**WORK REQUEST**
The data that follows is to be copied exactly, with each image removed.

**RECORDED DATA**
▶

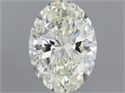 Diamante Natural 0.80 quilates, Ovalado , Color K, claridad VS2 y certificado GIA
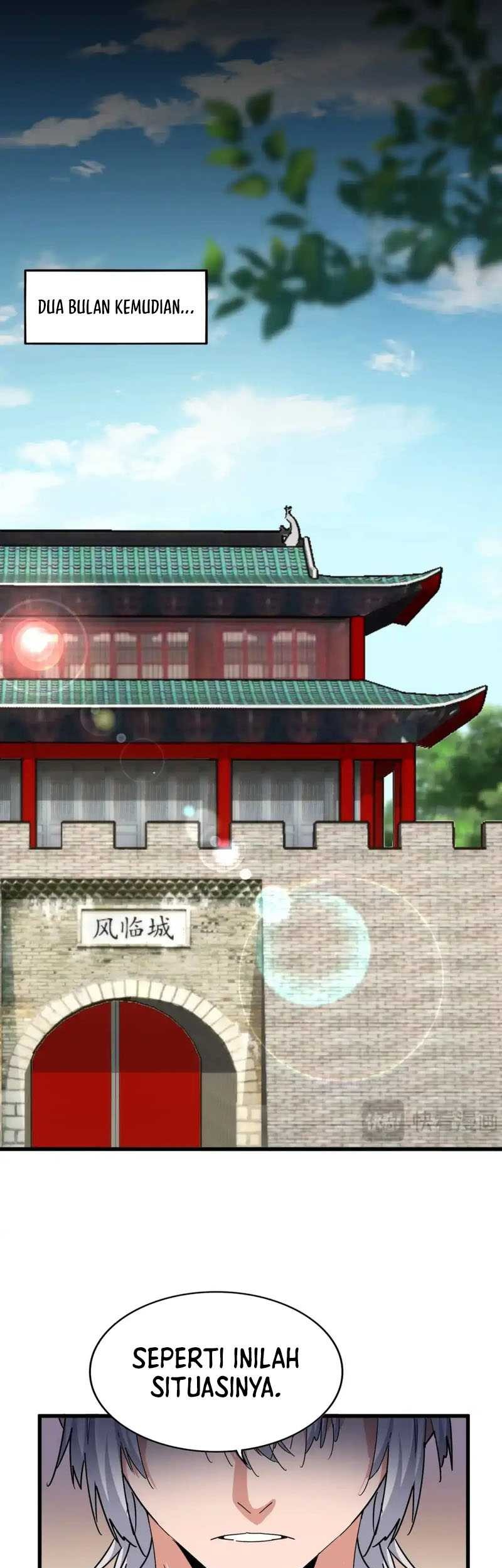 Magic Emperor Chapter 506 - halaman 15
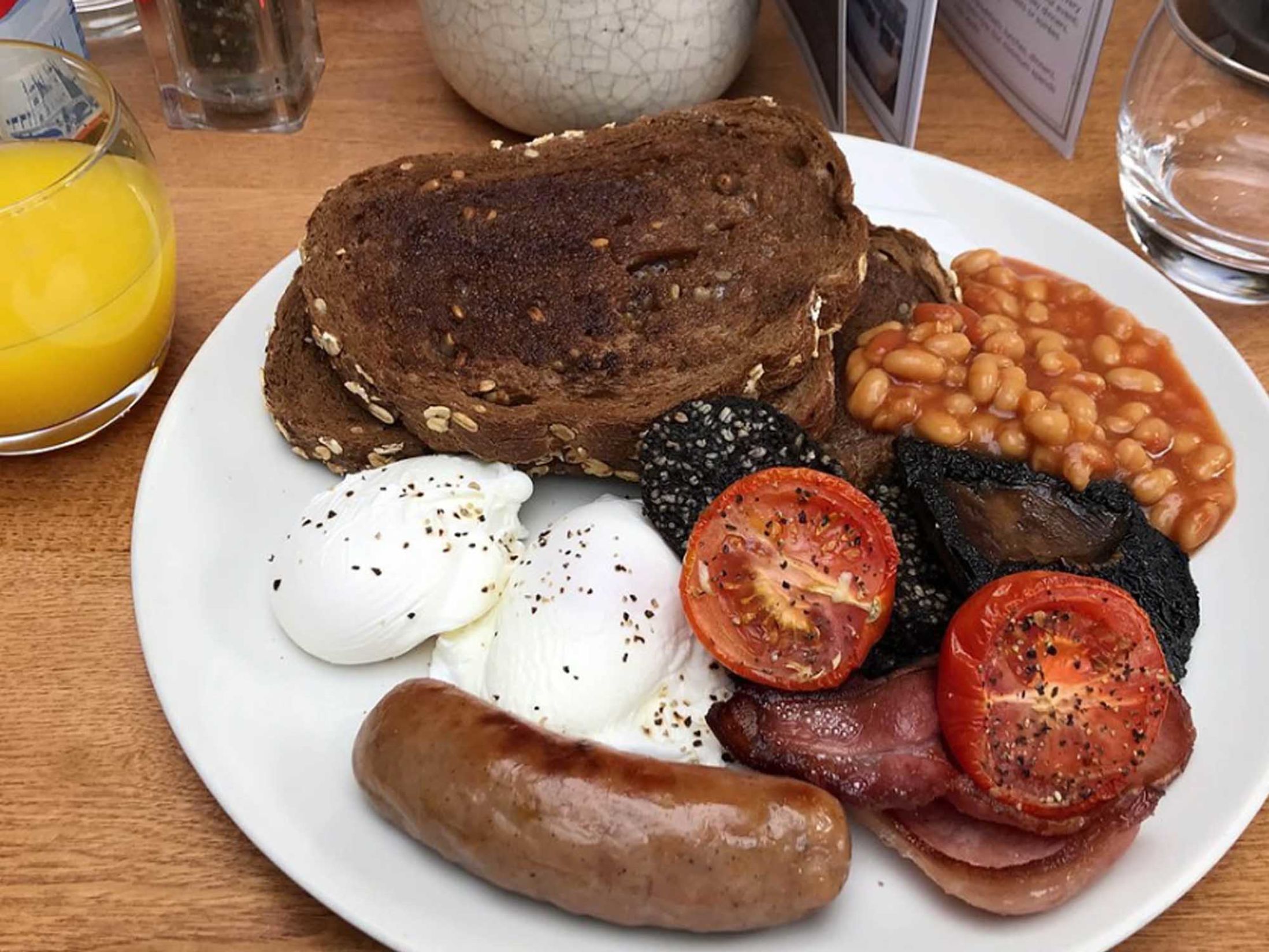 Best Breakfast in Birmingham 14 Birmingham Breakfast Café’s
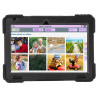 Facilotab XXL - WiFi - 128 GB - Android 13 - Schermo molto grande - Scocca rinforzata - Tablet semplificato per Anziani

◀

**ANSWER AREA**
 Diamante Natural 0.80 quilates, Ovalado , Color K, claridad VS2 y certificado GIA
 Magic Emperor Chapter 506 - halaman 15
 Best Breakfast in Birmingham 14 Birmingham Breakfast Café’s
 Facilotab XXL - WiFi - 128 GB - Android 13 - Schermo molto grande - Scocca rinforzata - Tablet semplificato per Anziani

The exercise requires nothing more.